Why Does the New Microsoft Bot Hate Drake So Much?
Every time you give Microsoft's new picture recognition bot a photo of Drake, it not only fails to recognise him, it spits it back out with some stone cold shade.
If you’ve been procrastinating at work today – which, lets be honest, between sneakily farting out your lunch and aggressively carouselling between social networks, that's exactly what's been going on – then you’ve probably noticed another completely useless bot doing the rounds online. Microsoft’s Caption Bot (which comes a handful of weeks after their supremely racist tween-speaking Twitter program became a Hitler loving sex robot in less than twenty-four hours) is the latest exercise in a line of experiments wherein the accountants at Microsoft have shoved some cash into a leaf-blower, blindfolded one of their employees, and asked them to fire it toward a new project for no reason other than the fact they have billions of dollars to pleasure themselves with.

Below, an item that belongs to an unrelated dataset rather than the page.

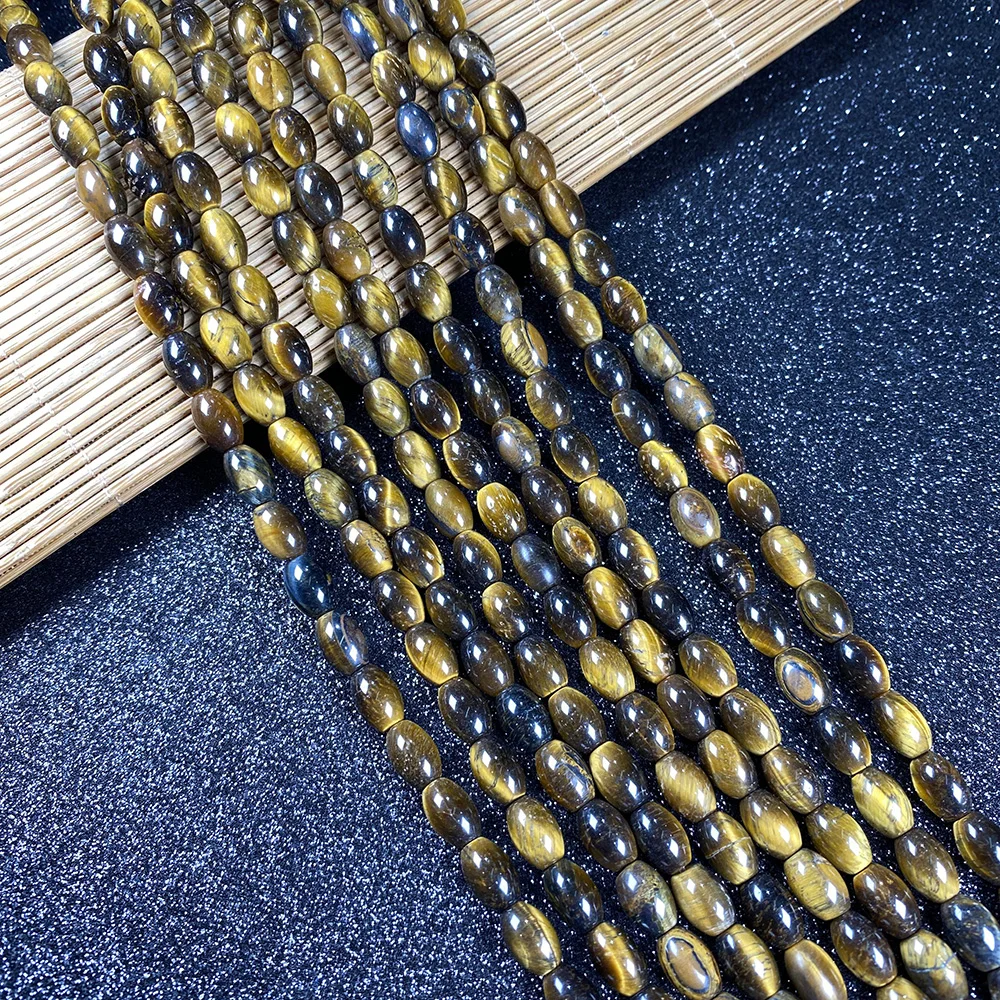 Бусины из агата кварца для изготовления ювелирных изделий 6 Х9 мм натуральный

This time, the idea is that you upload a photo, and then the bot tries to generate a caption based upon what its algorithm sees. You can then rate how accurate the bot's description is and it learns from the rating, thus creating a better caption next time round. It's kinda like a benevolent, educational game – the robot receives our talent and knowledge, and in return we've been granted a form of light-entertainment that can help diminish any existential crises we're currently having about AI taking over the world. You send the bot a picture of a baseball player, it responds with this:
So far, the captions are close to semi-accurate. If you put a photo of Kanye West wearing a suit and tie in there, for instance, the response is: “I think it’s Kanye West wearing a suit and tie”. If it’s something more abstract, like the album cover for Radiohead’s OK Computer, the response is less clear, like: “I am not really confident, but I think it’s a group of people riding skis on a train track.” Pretty straight-forward, right?
As fans of popular culture and welcome guinea pigs for new technology, we thought we'd play around with the latest product to crawl from Microsoft's room full of money, to test how effective it is at doing its job. Obviously we started with a picture of Drake, because Drake is the most recognisable and directoried face in 2016. If the bot cannot recognise Drake, then it is a garbage piece of technology.

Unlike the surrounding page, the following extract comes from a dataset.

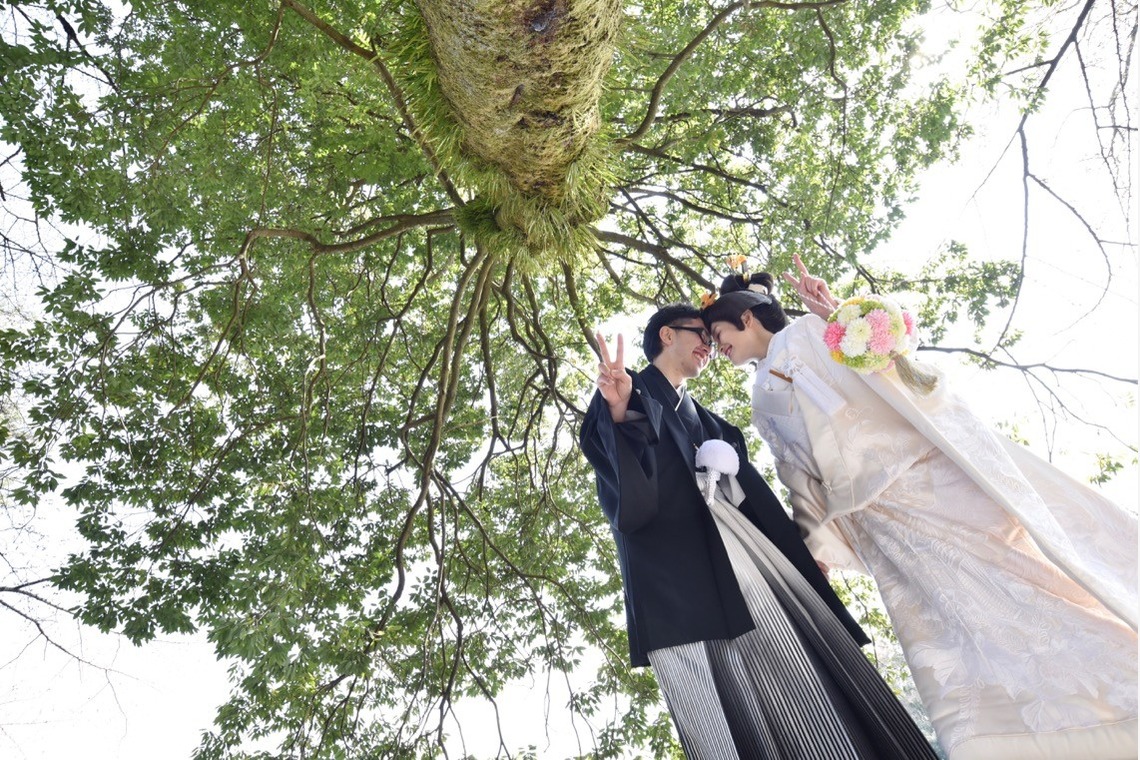 Photo of Pre Weddingphotoshoot at Nara with kimono in spring to summer taken by Kiki photo works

Okay, so the bot does not recognise Drake, that's clear, but did it just absolutely par him in the process? Who makes a bot in 2016 that recognises Shawn Wayans but is unaware of Drake? This must be a mistake. No piece of technology has ever served up a par so smooth. We tried again.
Right, so it can't recognise Drake's face but it can tell the difference between different video game controllers? Something about this technology reeks. Not in the sense that it's garbage, but in the sense that it feels like it's already sweated it out in the dark corners of the rap internet, where sneak-disses have been thrown toward Drake since the 6 God first fell into the grand sands of time. Or maybe it's a mistake. Three is the lucky number, isn't it? So here you go sweet bot: here's one more image of Drizzy's smooth, contoured face to test what your intentions really are...

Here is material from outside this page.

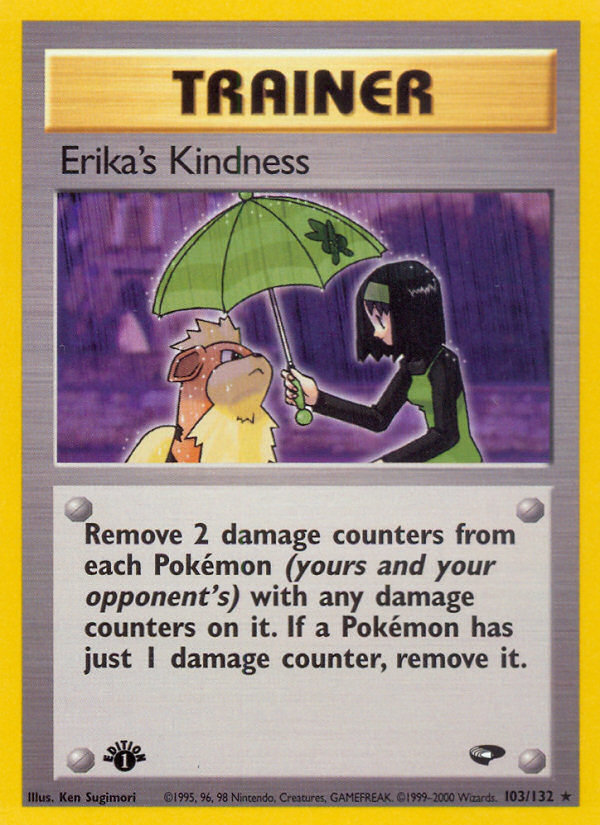 Erika's Kindness (103/132) [Gym Challenge 1st Edition] | Good Games North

Okay. I see you, soon-to-be-sentient technology. I see you. This is a form of shade that's descended from the grand lodge of sneak-dissing.
What the fuck, dude. Did Meek Mill create you? Is this bot Meek Mill? See, by this point it's clear that by mentioning a "cell phone" the bot low-key knows that this is Drake, and the bot low-key wants you to know it knows fine well this is Drake, just to give its military grade pars even greater weight. What makes it even better is how the bot sounds so self-conscious and apologetic while delivering par after par, like its frowning sadly whilst absolutely ruining you in front of your pals. Is this the future? Is this the next Christopher Nolan film? AI that takes over the world by just humiliating us all?
Damn, son. The bot's shade level is so high that it can even operate the disarming shrug, which is a dying art of subtlety in the realm of sneak-dissing. A kinda "Hey, I don't know what you were going for with this artwork, but to me it looks like... hmm... two giraffes in a fenced area, really. But, hey! Maybe that's just me."
Okay, by now it seems pretty clear that Microsoft have created a Drake-hating bot under the guise of a picture caption bot. Dave Attell? First you mistake Drake for Shawn Wayans and now you're just throwing out percentages of any random comedian who also has facial hair? You know what the bot is trying to say here: it's trying to say "I'm not even culturally ignorant, see, I know Dave Attell. But I've never heard of you (bitch)." Dave Attell, by the way, looks like this.
Cold. Ice cold. You killed him, bot. We were only weeks away from Views and you did it. You killed Drake.